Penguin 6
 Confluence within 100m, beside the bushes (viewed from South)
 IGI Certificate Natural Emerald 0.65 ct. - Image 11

---

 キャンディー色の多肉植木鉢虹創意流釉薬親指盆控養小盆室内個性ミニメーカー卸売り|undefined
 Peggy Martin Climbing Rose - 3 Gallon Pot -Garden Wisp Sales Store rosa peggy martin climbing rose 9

...

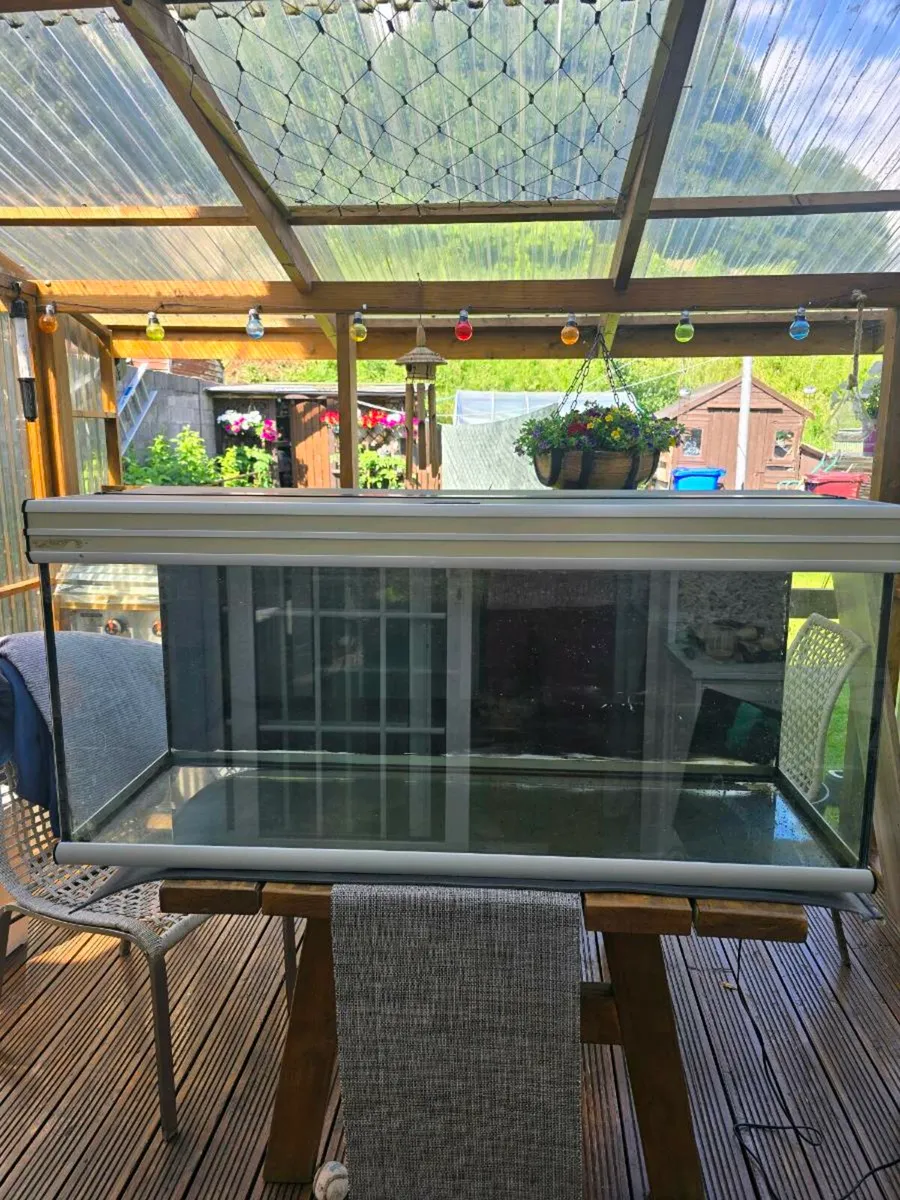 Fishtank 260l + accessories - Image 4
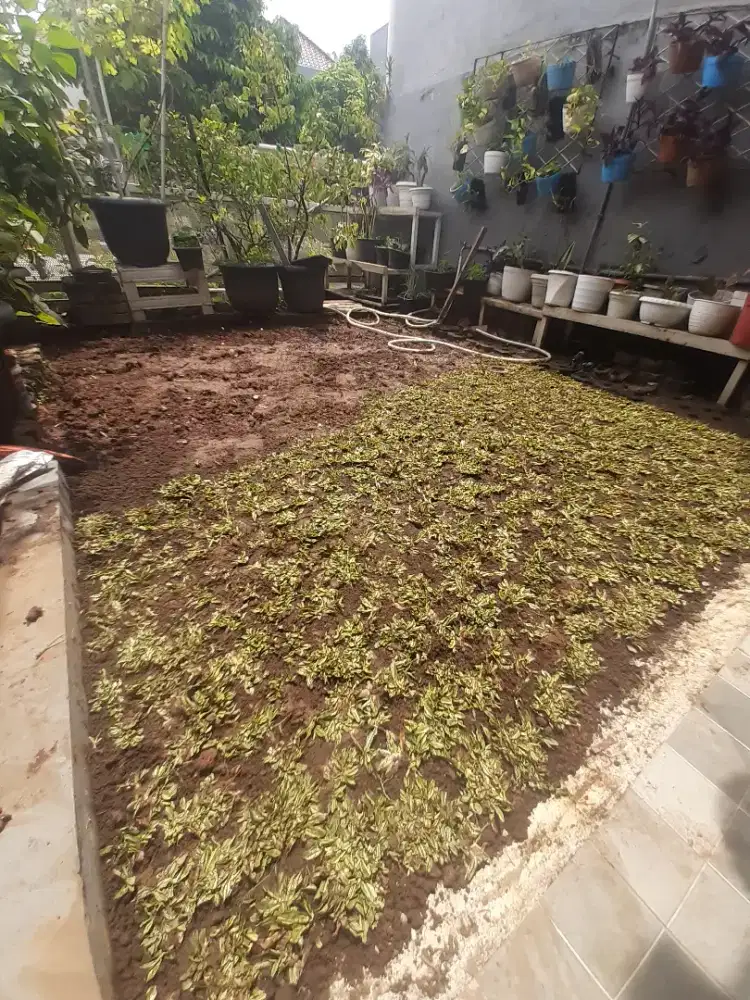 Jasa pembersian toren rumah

GOAL OF THE EXERCISE
Everything from the line with "Fishtank 260l + accessories - Image 4" down to the line with "Jasa pembersian toren rumah" in the data above should be copied exactly, with both end lines kept and the pictures left out.

ANSWER TO THIS TASK
 Fishtank 260l + accessories - Image 4
 Jasa pembersian toren rumah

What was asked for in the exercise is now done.